Aim of the task => Your output should be the lines below from the one holding "Blick-Auf-Die-Vorbeiziehenden-Palmen-Unter-Blauem-Himmel" through the one holding "Barn Swallow", transcribed exactly, with no pictures.

Supplied records =>
# # # #

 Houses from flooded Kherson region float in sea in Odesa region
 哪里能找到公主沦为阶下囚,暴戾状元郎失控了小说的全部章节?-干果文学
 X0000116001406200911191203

# # # #

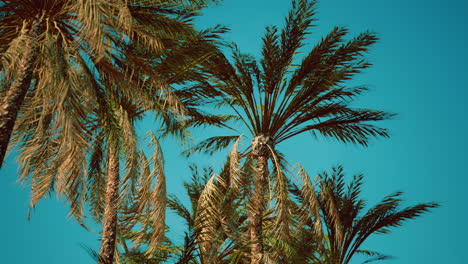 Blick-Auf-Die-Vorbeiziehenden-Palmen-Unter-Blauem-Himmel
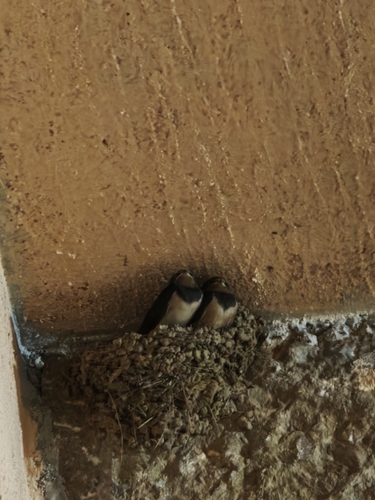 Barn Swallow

# # # #

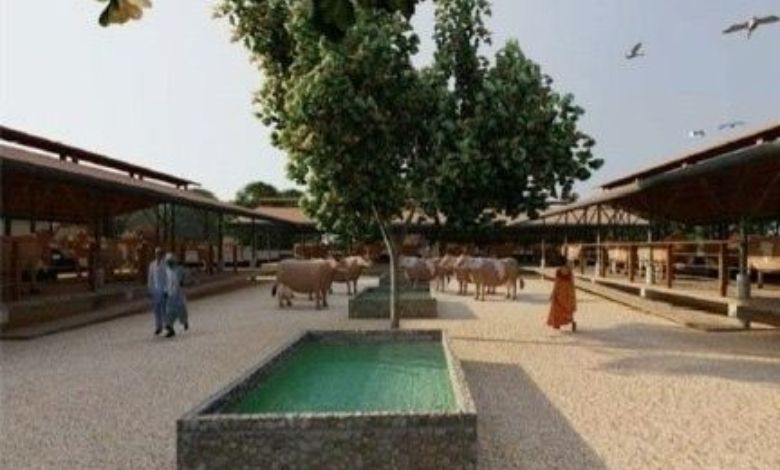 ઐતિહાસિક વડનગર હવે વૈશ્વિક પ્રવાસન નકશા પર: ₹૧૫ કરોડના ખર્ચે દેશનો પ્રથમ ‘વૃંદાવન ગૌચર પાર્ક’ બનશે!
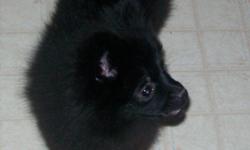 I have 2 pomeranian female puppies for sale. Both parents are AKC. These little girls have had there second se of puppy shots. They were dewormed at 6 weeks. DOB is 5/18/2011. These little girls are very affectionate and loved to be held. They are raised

# # # #

Problem solution =>
 Blick-Auf-Die-Vorbeiziehenden-Palmen-Unter-Blauem-Himmel
 Barn Swallow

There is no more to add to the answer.